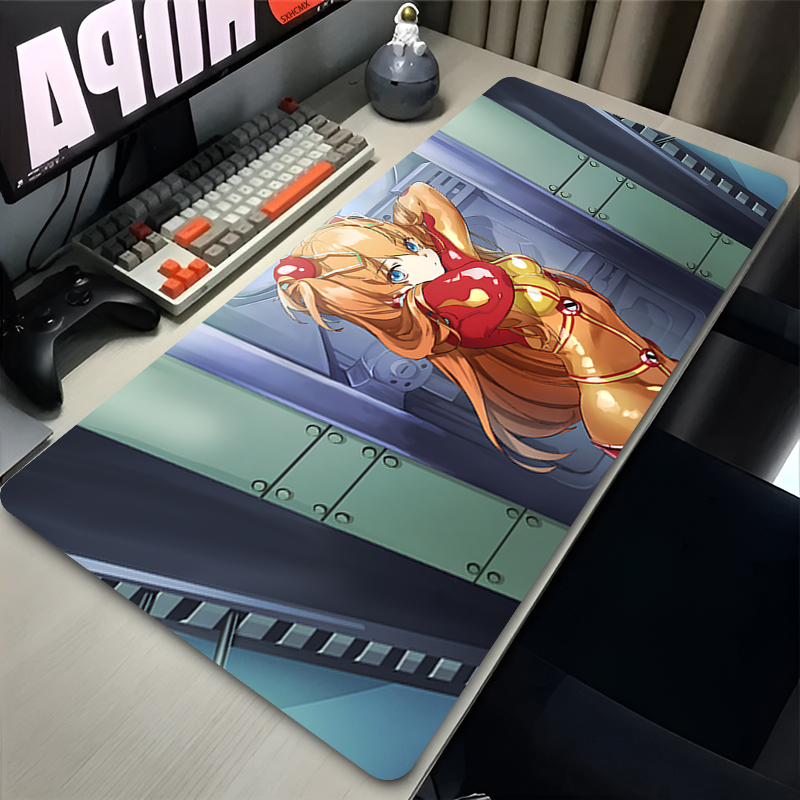 마우스 패드 대형 게임용 마우스 패드 XXL 키보드 게 - Gaming Mouse Pad Xl 리뷰 및 가격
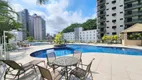 Foto 32 de Apartamento com 3 Quartos à venda, 134m² em Jardim Astúrias, Guarujá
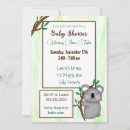 Search for cartoon invitations Green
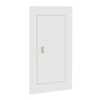 Circuit Protection Accessories - 4008-NQC30FWGW-ND - DigiKey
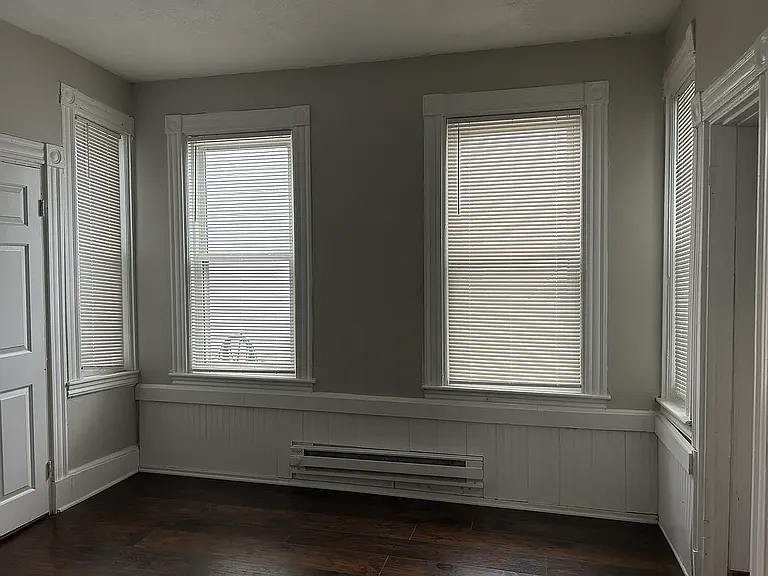 52 Old Morton St #1 — Photo 14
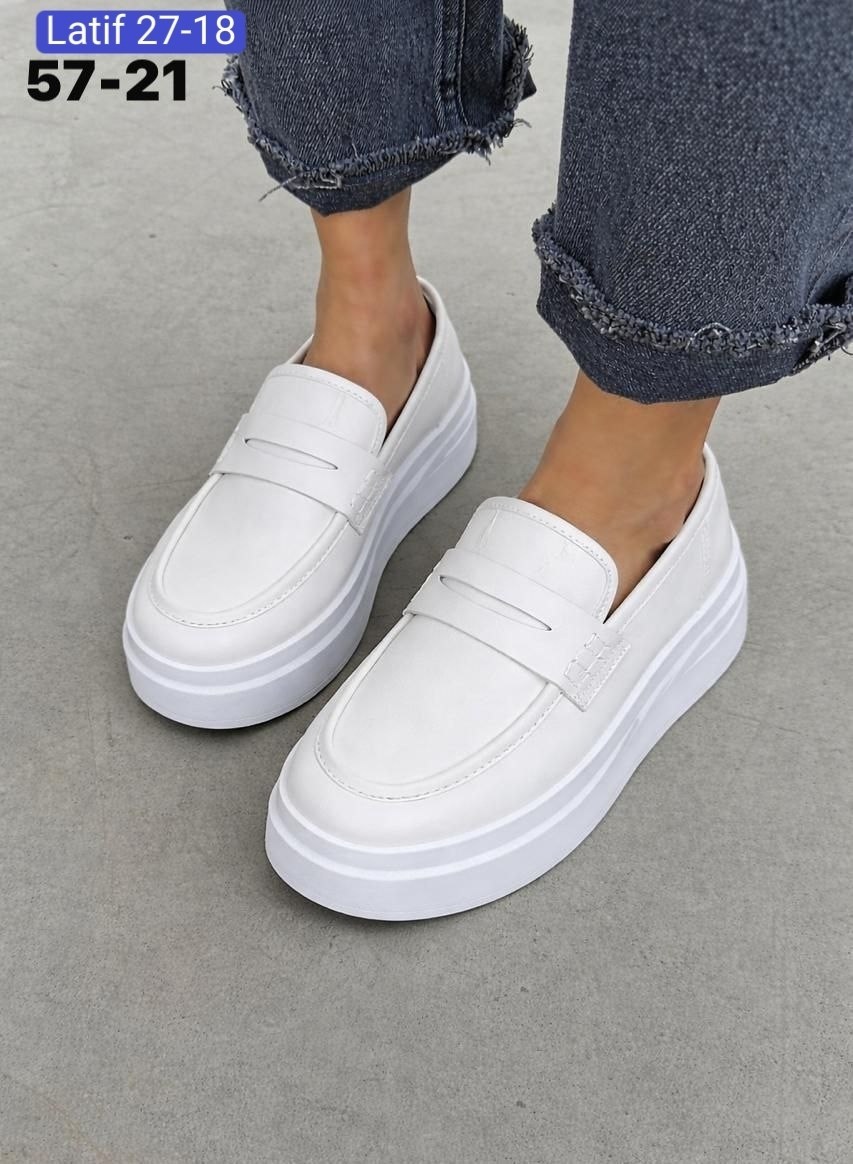 ,лоферы женские,женская ,белые лоферы,женские мокасины
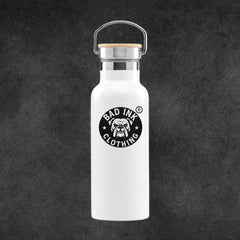 Bottle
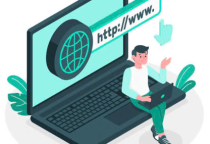 Xu hướng thiết kế web bán hàng hiện nay và sự cần thiết của website cho doanh nghiệp.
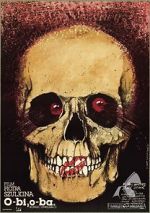 Watch O-Bi, O-Ba - The End of Civilization Gomovies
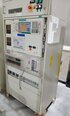 Foto Verwendet TEL / TOKYO ELECTRON Alpha 8S Zum Verkauf
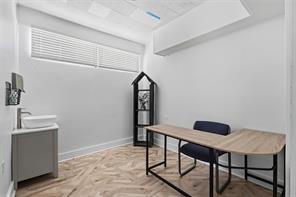 1306 13th Street - Photo 15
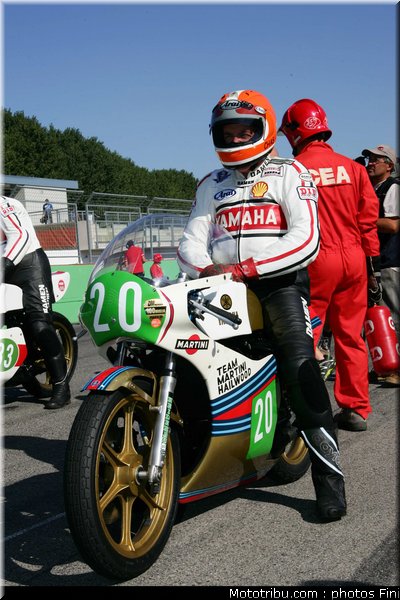 0273_200_miglia_imola_revival_2011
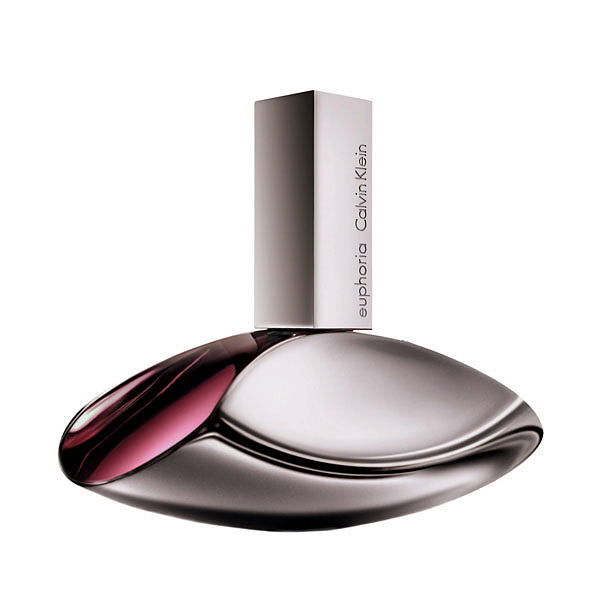 Calvin Klein - Euphoria Eau de Parfum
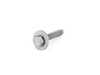 ES#3153791 - 51719908456 - HEX BOLT - Genuine MINI - 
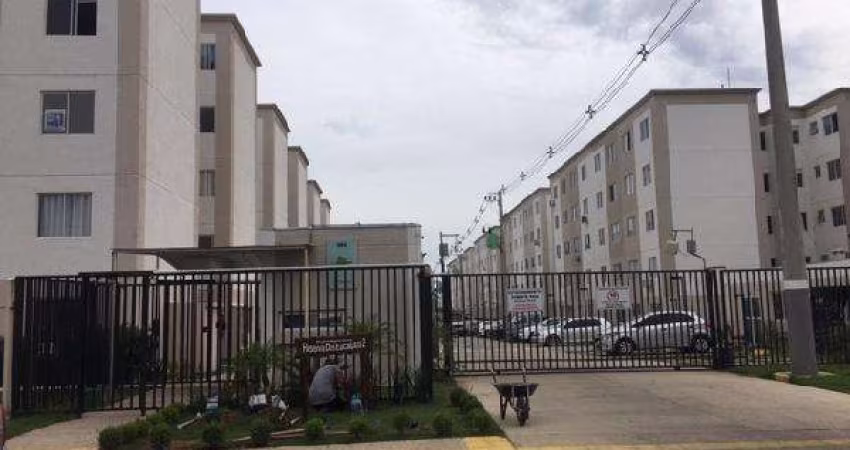 Oportunidade Única em CANOAS - RS | Tipo: Apartamento | Negociação: Venda Direta Online  | Situação: Imóvel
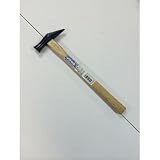先切鎚 21ミリ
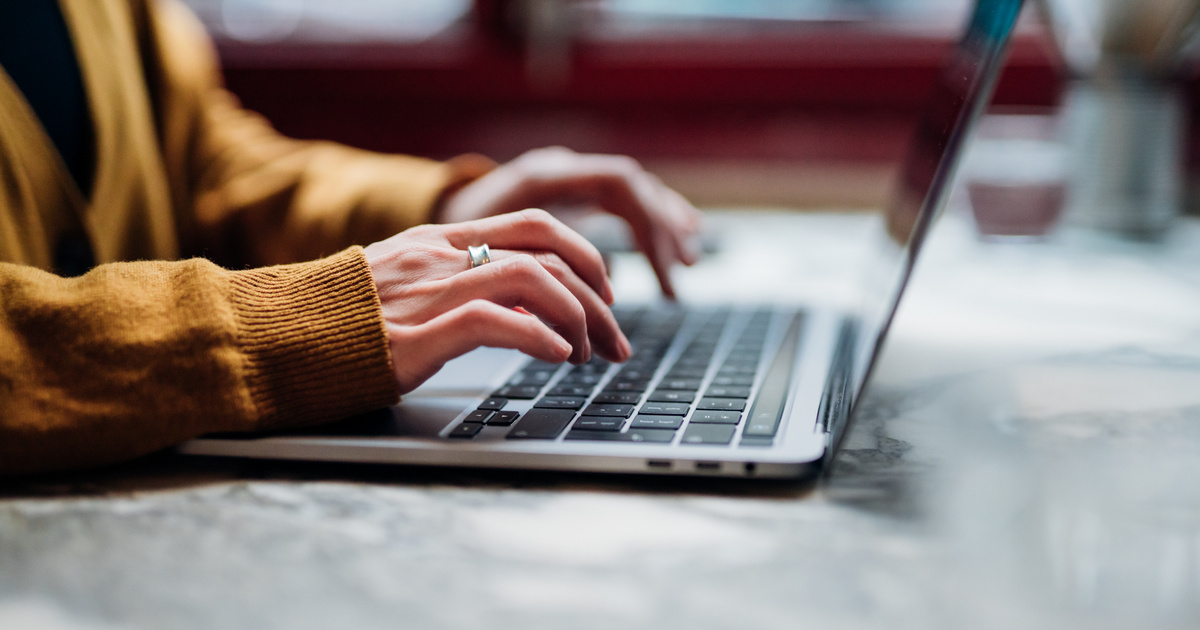 Magasabb fizetés érkezhet már januárban sok magyarnak: ezt az egy dolgot kell hozzá elintézni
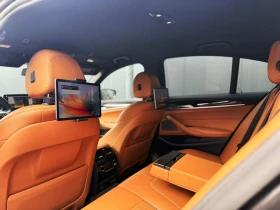 BMW 540 BMW 540d CARBON Individual M Performance - 39699 € / 77644.50 лв. - 93088420 15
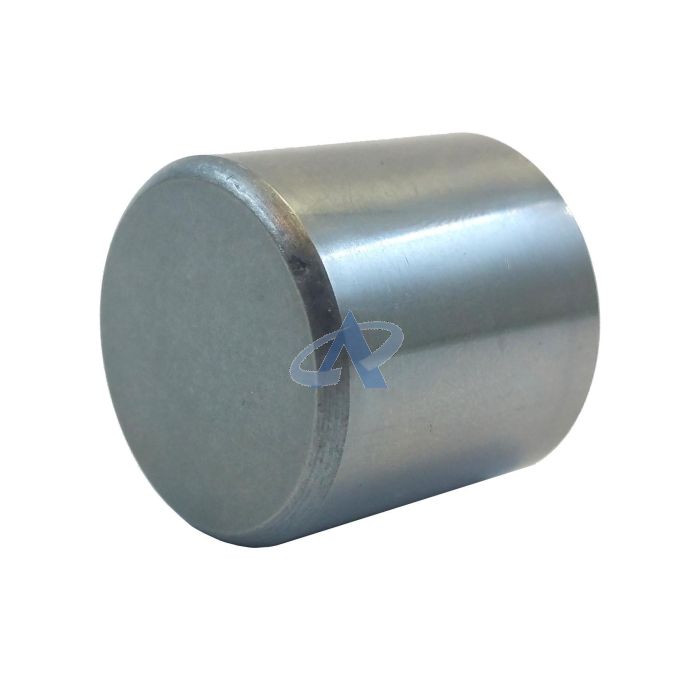 Rouleau Cylindrique de précision 26 x 26mm (1.024" x 1.024") TR type pour Roulements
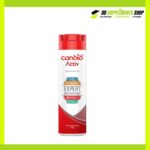 Candid Activ Sweat Control Talc Powder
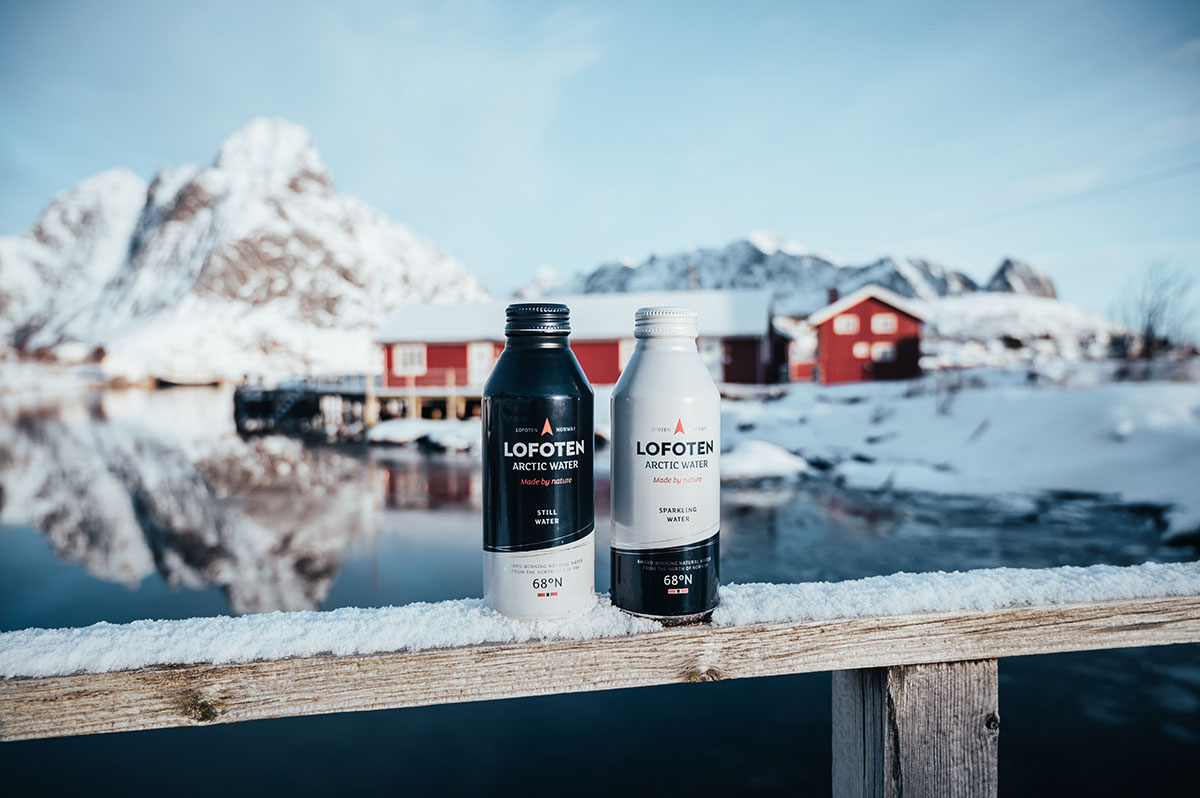 https://scanmagazine.co.uk/content/uploads/2021/12/Lofoten-Arctic-Water_1_Aluminium-bottles-and-Lofoten-scenery_Photo-Sigurd-Loeseth.jpg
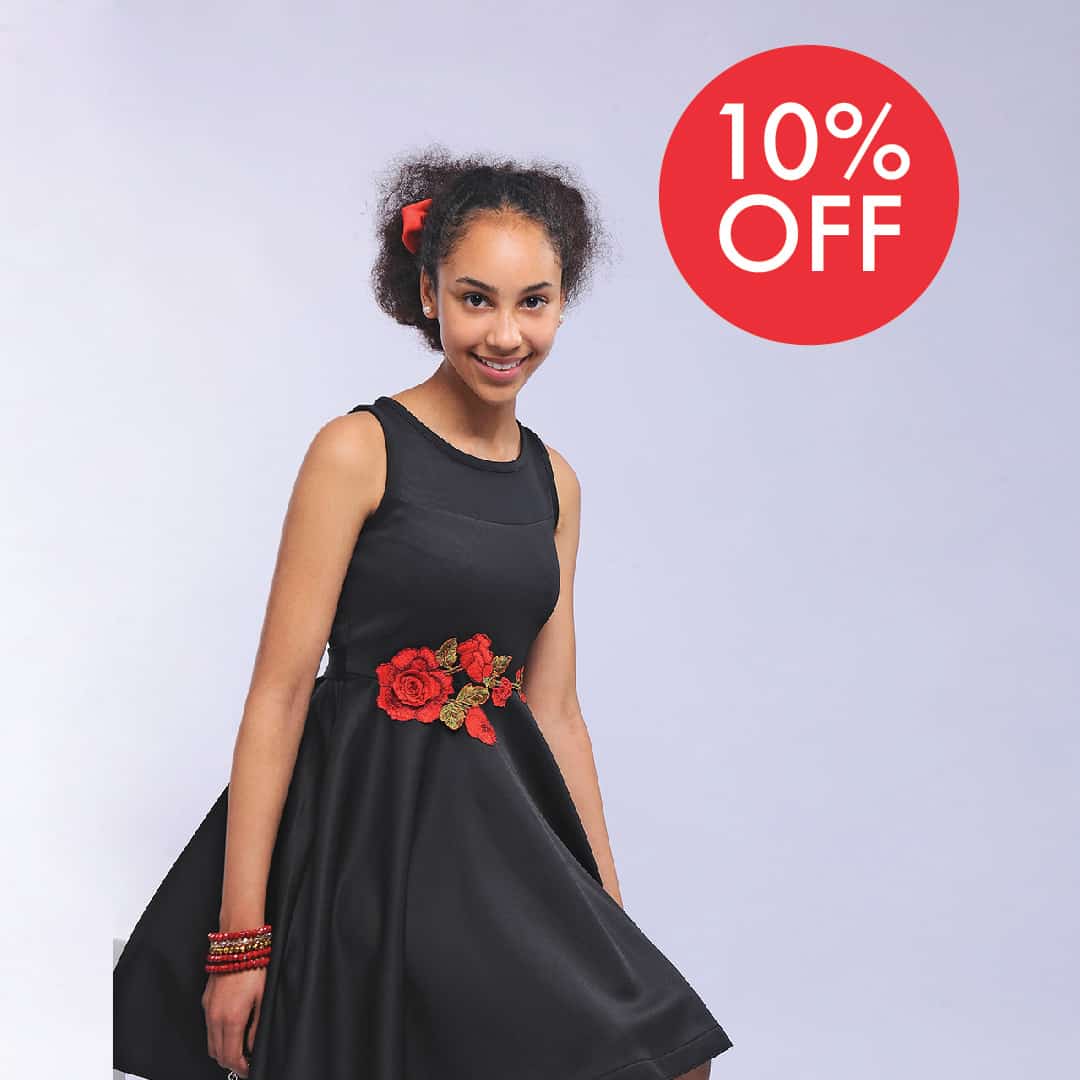 Up To 20 Discount At Ruff N Tumble Discount Sales LagosMums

------------------------------------------------------------

Problem details: For this exercise, return exactly the lines above from the line with "Circuit Protection Accessories" through the line with "Candid Activ Sweat Control Talc Powder", both included. Do not copy the pictures.

Written reply:
 Circuit Protection Accessories - 4008-NQC30FWGW-ND - DigiKey
 52 Old Morton St #1 — Photo 14
 ,лоферы женские,женская ,белые лоферы,женские мокасины
 Bottle
 Xu hướng thiết kế web bán hàng hiện nay và sự cần thiết của website cho doanh nghiệp.
 Watch O-Bi, O-Ba - The End of Civilization Gomovies
 Foto Verwendet TEL / TOKYO ELECTRON Alpha 8S Zum Verkauf
 1306 13th Street - Photo 15
 0273_200_miglia_imola_revival_2011
 Calvin Klein - Euphoria Eau de Parfum
 ES#3153791 - 51719908456 - HEX BOLT - Genuine MINI - 
 Oportunidade Única em CANOAS - RS | Tipo: Apartamento | Negociação: Venda Direta Online  | Situação: Imóvel
先切鎚 21ミリ
 Magasabb fizetés érkezhet már januárban sok magyarnak: ezt az egy dolgot kell hozzá elintézni
 BMW 540 BMW 540d CARBON Individual M Performance - 39699 € / 77644.50 лв. - 93088420 15
 Rouleau Cylindrique de précision 26 x 26mm (1.024" x 1.024") TR type pour Roulements
 Candid Activ Sweat Control Talc Powder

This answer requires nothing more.